By the end of our workshop today, we hope you'll understand what the pandas library is and be able to work with pandas data structures like a `Series` and a `DataFrame`.

## Today's Topics
- What is pandas, and how does it relate to Python?
- Importing and using pandas
- How to read data into pandas
- Common pandas data structures (`Series` and `DataFrame`)
- Referencing data in a `DataFrame`
- How to write data from pandas

## Questions during the workshop

Please feel free to ask questions throughout the workshop.

We have a second instructor who will available during the workshop. They will answer as able, and will collect questions with answers that might help everyone to be answered at the end of the workshop.

The open lab time is when you will be able to ask more questions and work together on the exercises.

### Using Jupyter Notebooks and Google Colaboratory

Jupyter notebooks are a way to write and run Python code in an interactive way. They're quickly becoming a standard way of putting together data, code, and written explanations or visualizations into a single document and sharing that. There are a lot of ways that you can run Jupyter notebooks, including just locally on your computer, but we've decided to use Google's Colaboratory notebook platform for this workshop.  Colaboratory is “a Google research project created to help disseminate machine learning education and research.”  If you would like to know more about Colaboratory in general, you can visit the [Welcome Notebook](https://colab.research.google.com/notebooks/welcome.ipynb).

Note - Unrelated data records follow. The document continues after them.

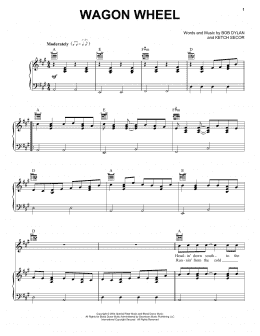 page one of Wagon Wheel (Piano, Vocal & Guitar Chords (Right-Hand Melody))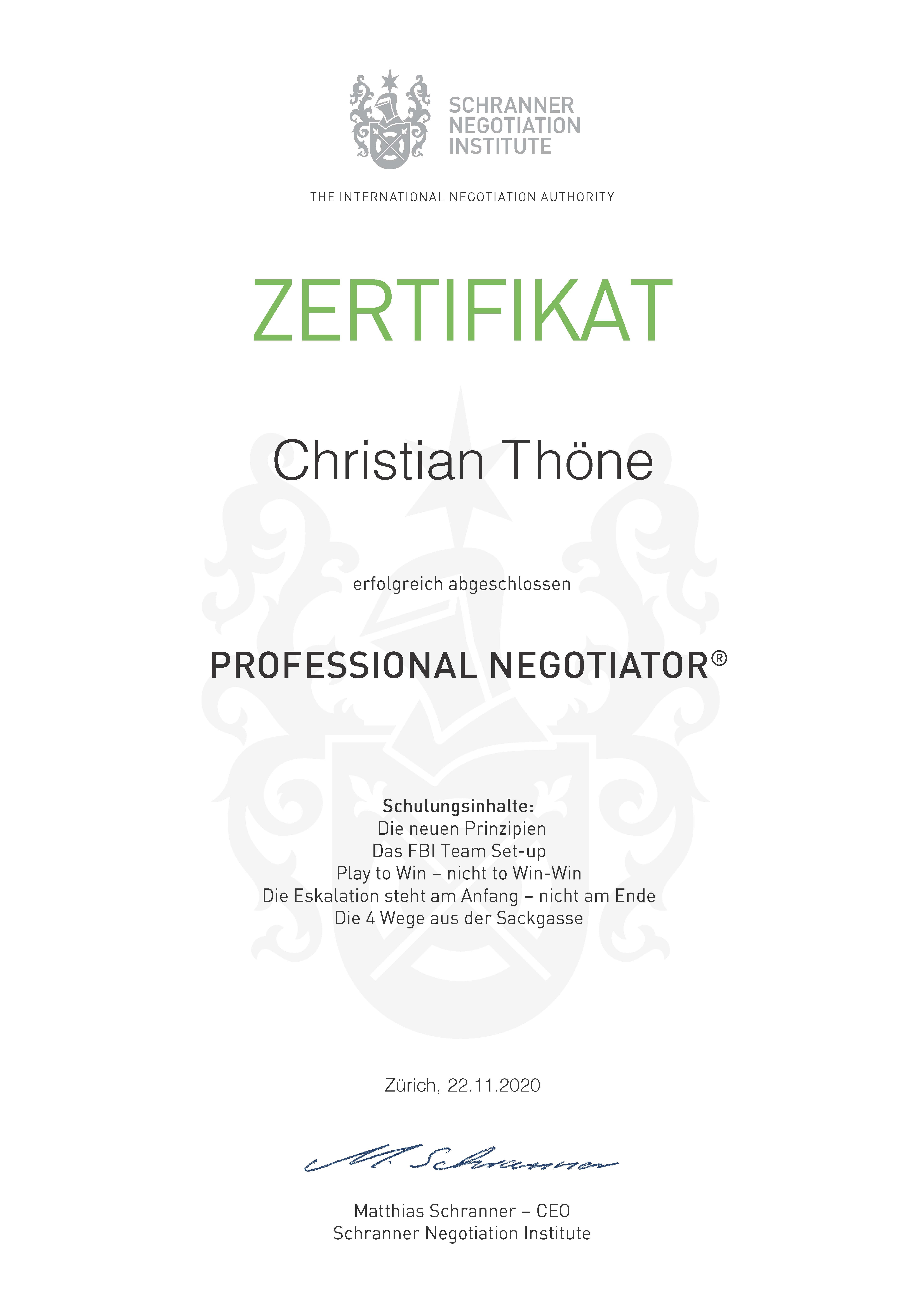 Zertifizierung als PROFESSIONAL NEGOTIATOR®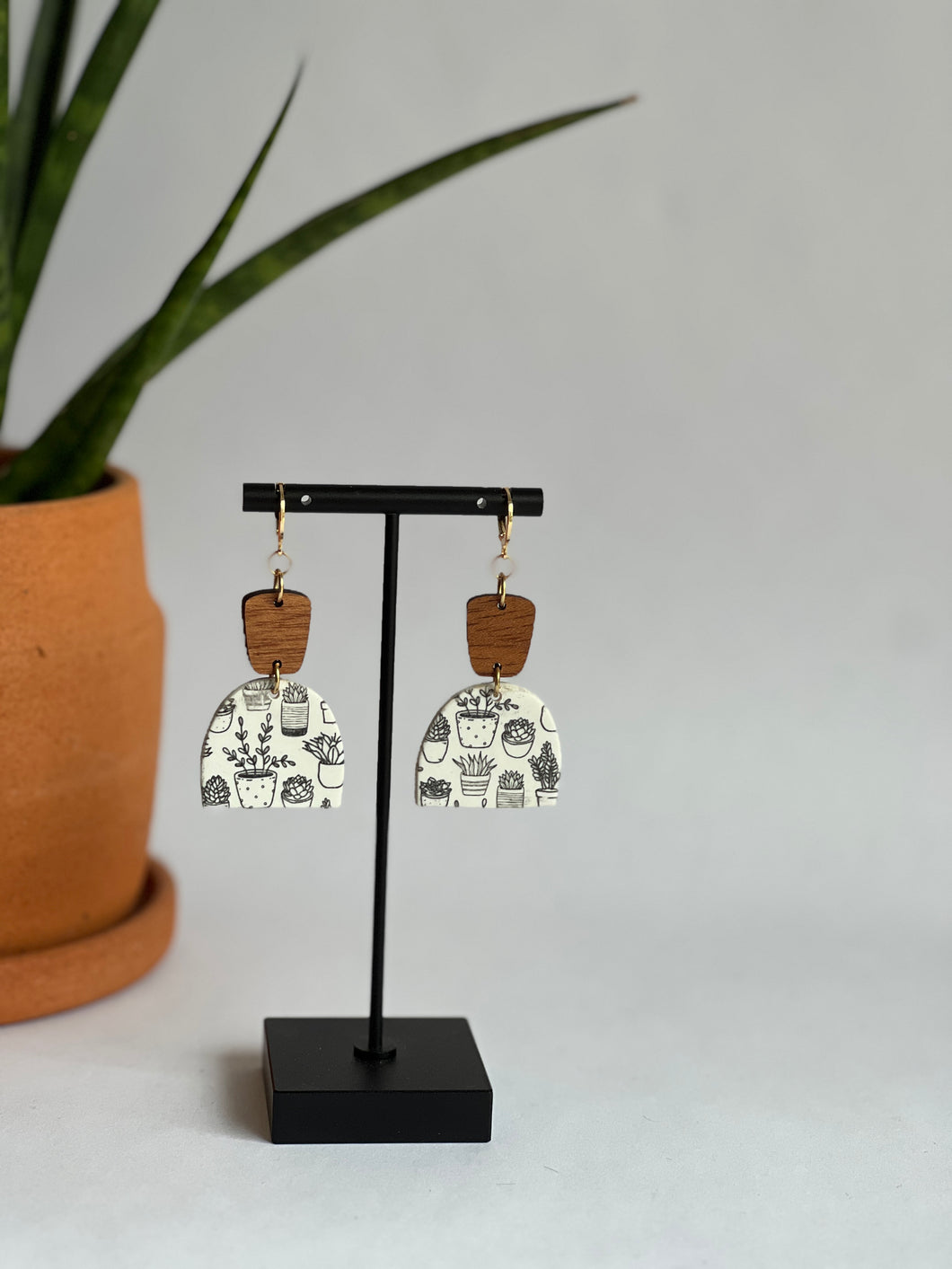 Wood and Clay Plant Dangles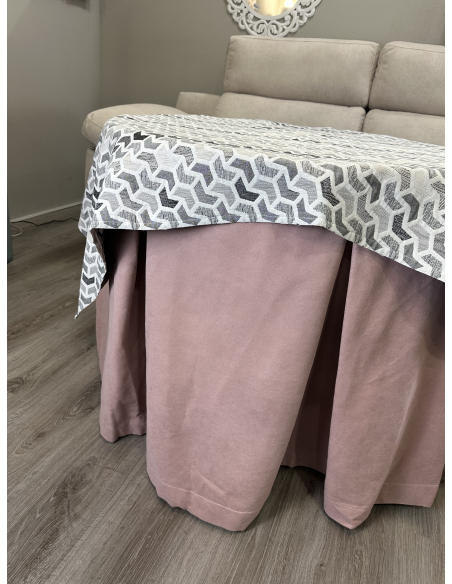 Ropa redonda mesa camilla Antimanchas color Rosa / Tapete Prisma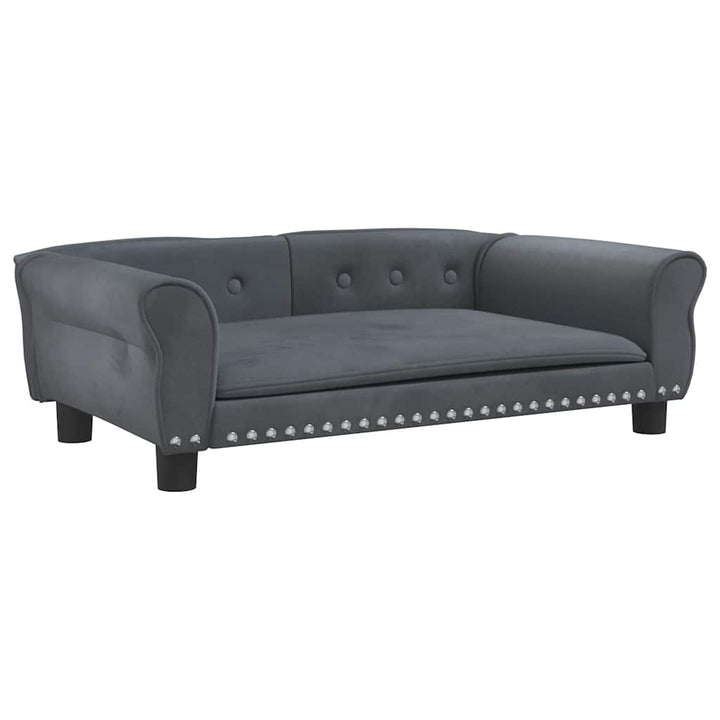hundeseng 95x55x30 cm velour mørkegrå
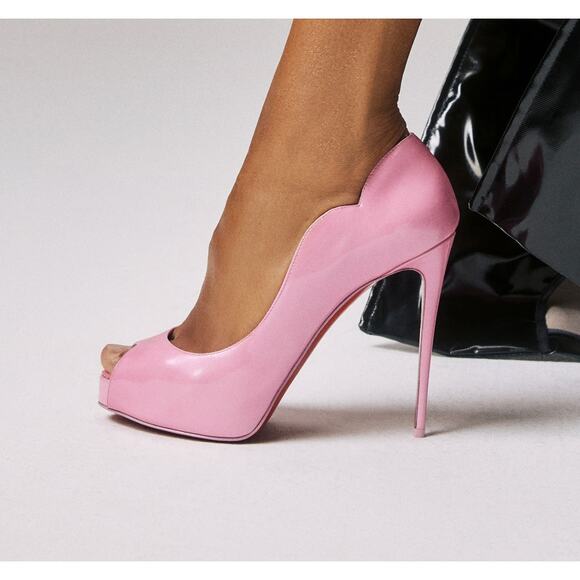 Christian Louboutin Hot Chick Alta 120 Patent Perle Pink 41 Open Toe Pump - Picture 11 of 11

Using the Google Colaboratory platform allows us to focus on learning and writing Python in the workshop rather than on setting up Python, which can sometimes take a bit of extra work depending on platforms, operating systems, and other installed applications. If you'd like to install a Python distribution locally, though, we're happy to help. Feel free to [get help from our graduate consultants](https://www.lib.ncsu.edu/dxl) or [schedule an appointment with Libraries staff](https://go.ncsu.edu/dvs-request).

## Guided Instruction
This week we're introducing the Pandas library for Python and working on importing, viewing, and referencing the data.

In this section, we will work through examples using data from the [Museum of Modern Art (MoMA) research dataset](https://github.com/MuseumofModernArt/collection) containing records of all of the works that have been cataloged in the database of the MoMA collection.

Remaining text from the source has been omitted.